In a welcome move the city of New York has joined with Gristedes in a legal action against Indian retailers that sell cigarettes without tax to non-Indians. As the NY Post reports this morning the suit targets tobacco wholesalers for selling to reservation retailers without the $1.50 a pack tax.
Refreshingly, the Post quotes city corporation counsel Michael Cardoza who told the paper, "These wholesalers' practices hurt all New Yorkers by shortchanging both the city and the state of tax dollars." Indeed they do but it would have been both appropriate and nice for Cardoza to at least mention that these practices have also devastated existing city businesses that have been put at a competitive disadvantage by the lucrative black market that resulted from the city's 2002 and the refusal of the city and state government to take action.

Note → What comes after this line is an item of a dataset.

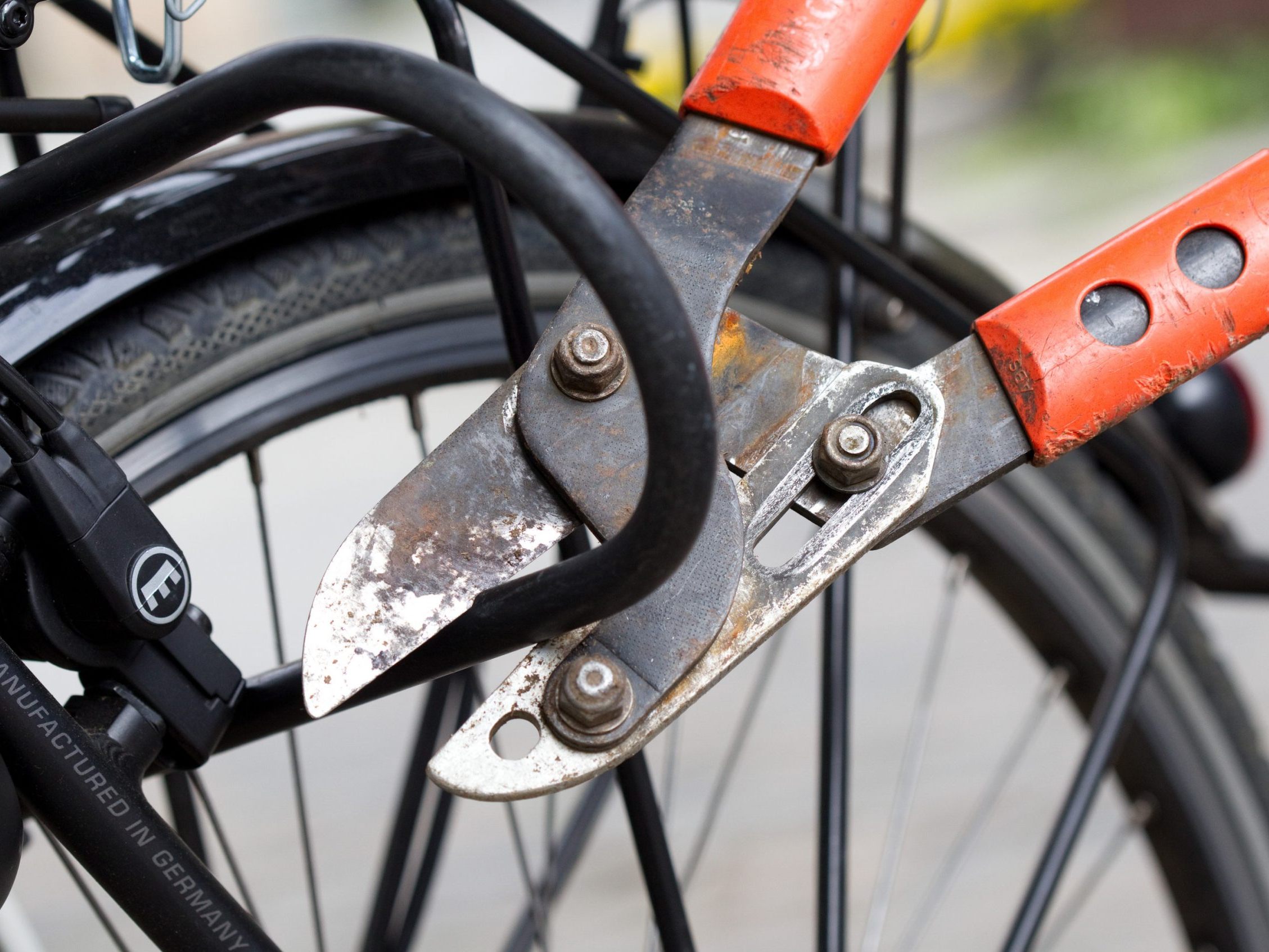 Der Fahrraddieb wurde von einem Passanten ertappt. Der Fahrraddieb wurde von einem Passanten ertappt.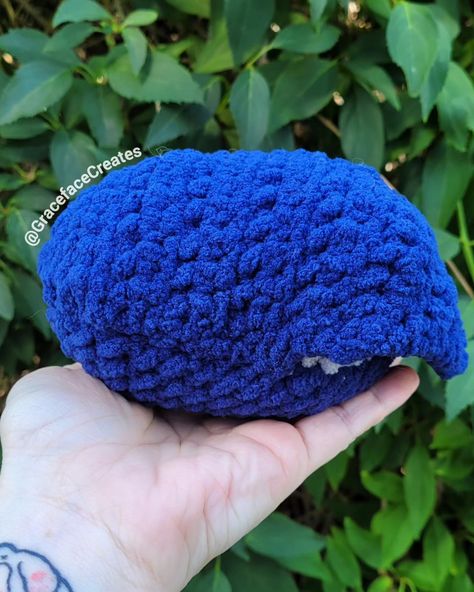 I just listed these cuties on my website for those who can't/don't crochet and would like a Pill Bug of their own 🧶🪲 If you DO crochet, the pattern is available now! Pattern: Peekaboo Pals Pill Bug by me (available on my website, Etsy, and Ravelry) Yarn: Premier Basix Chenille by @premieryarns To get your own Pill Bug or Pill Bug pattern, or to get 10% off your next yarn purchase with Premier Yarns, follow the Lincoln my Bye-oo 🥰 Tags #Peekaboopals #peekaboopalspillbug #rolypoly #pillbug ... Pill Bugs, Bug Pattern, Pill Bug, A Pill, My Website, Ravelry, Lincoln, Bugs, Free Pattern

The Post errs, however, when it states that, "While reservation shops do not have to charge tax to their retail customers, they are supposed to pay it to wholesalers." Not so. As we have commented before, Indian retailers are legally obligated to charge the tax to their non-Indian customers but it is only the inaction of the governor that has prevented the proper enforcement of this issue.
Now we only need for the city to recognize that the proliferation of street peddlers has exactly the same impact as the sale of non-taxed cigarettes does. Legitimate tax paying store owners are victimized in both cases as is the city that loses the revenue.